But your post shows a lack of knowledge about the genre. Swing music and dixieland are considered real jazz exactly as the modal stuff. And Coltrane and Miles Davis have played a lot of other things before modality. Davis studied music at the Juilliard, he played music with classical influences (with classical composers like Gunther Schuller), he played hard bop, he played a lot of things that required a lot of knowledge.
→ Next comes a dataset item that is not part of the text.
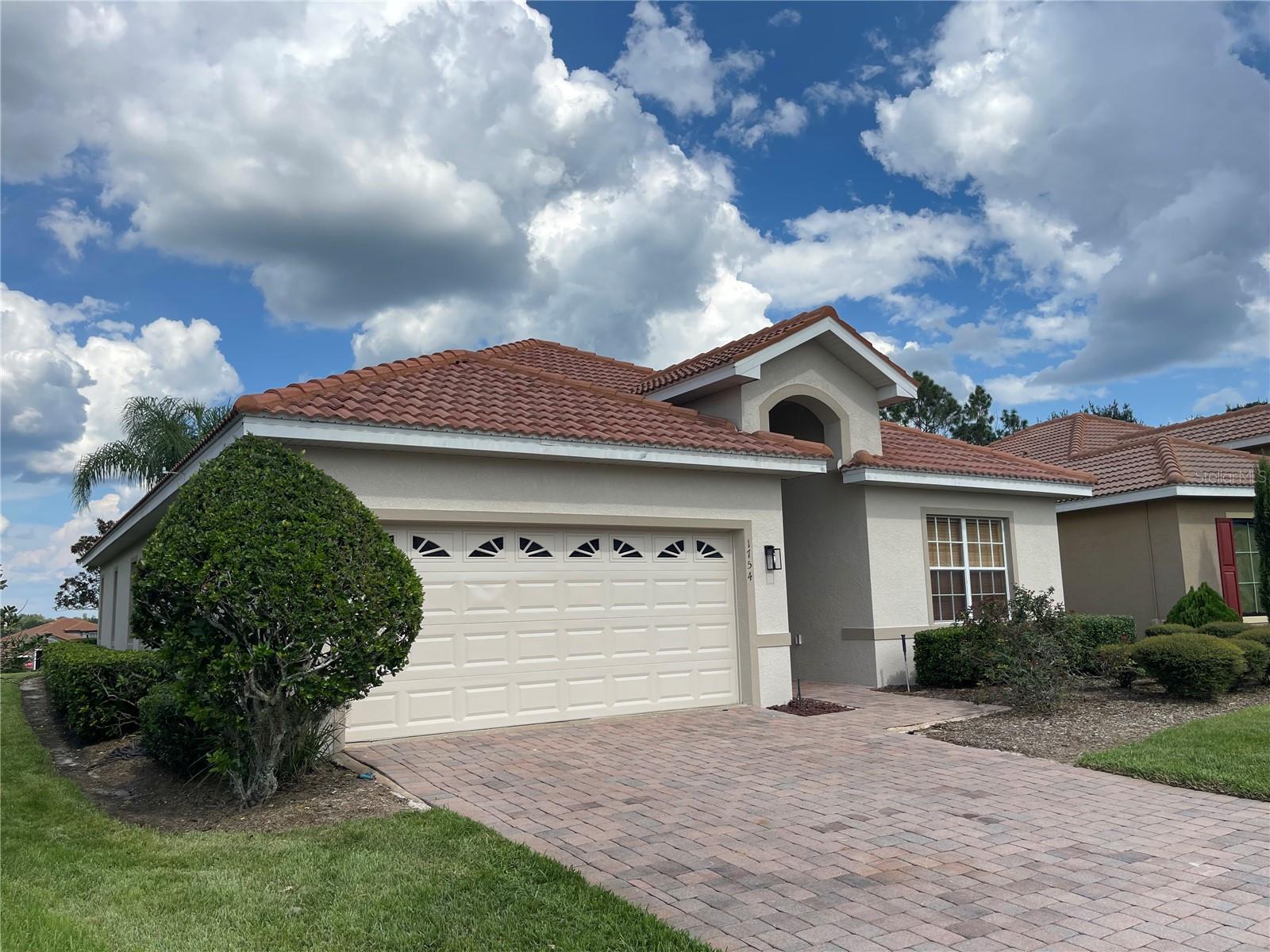 Welcome to the most popular Milano model in TerraLargo, Lakeland’s premier gated community! This stunning home is packed with upgrades and offers both elegance and comfort in a resort-style setting.
The heart of TerraLargo is its breathtaking 5,000 sq. ft. clubhouse, designed with a Renaissance-Tuscan flair. Overlooking a sparkling lake, the clubhouse features a sculpted zero-entry pool and spa, lushly landscaped courtyards with stone benches and columns, a shaded playground, and a boardwalk with gazebo on Meadow View Lake—perfect for fishing, kayaking, or simply relaxing and soaking in the views.
Inside the home, the master suite is truly fit for a king, with soaring vaulted ceilings, a massive walk-in closet, and private access to the lanai. The spa-like master bath boasts a garden tub, separate shower, and dual vanities. With 3 spacious bedrooms and 2 full bathrooms, this layout is designed for both functionality and comfort.
Residents of TerraLargo enjoy incredible amenities, including a state-of-the-art fitness center with TechnoGym equipment (each with its own personal TV and radio) and even a playroom viewable from the gym, so parents can work out while the kids play. The HOA includes Bright House premium cable, clubhouse access, and full use of all community features.
Conveniently located just minutes from I-4, commuting to Tampa or Orlando is a breeze. Add in the peace of mind of a fully gated, monitored entrance, and you’ve found a community—and a home—that truly has it all.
Coltrane studied with one of the most legendary jazz teachers (Dennis Sandole), learning the program of eight years in half the time.

Saying "there's no any real and meaningful idea" or "you don't need any talent to play it" is not an opinion, it contradicts the facts


----------



## nikola (Sep 7, 2012)

norman bates said:


> Ingelou has expressed a perfectly legit opinon about the music.
> 
> But your post shows a lack of knowledge about the genre. Swing music and dixieland are considered real jazz exactly as the modal stuff. And Coltrane and Miles Davis have played a lot of other things before modality. Davis studied music at the Juilliard, he played music with classical influences (with classical composers like Gunther Schuller), he played hard bop, he played a lot of things that required a lot of knowledge. Coltrane studied with one of the most legendary jazz teachers (Dennis Sandole), learning the program of eight years in half the time.
> 
> Saying "there's no any real and meaningful idea" or "you don't need any talent to play it" is not an opinion, it contradicts the facts


I know people who don't consider dixie and swing to be real jazz and they are listening mostly only jazz.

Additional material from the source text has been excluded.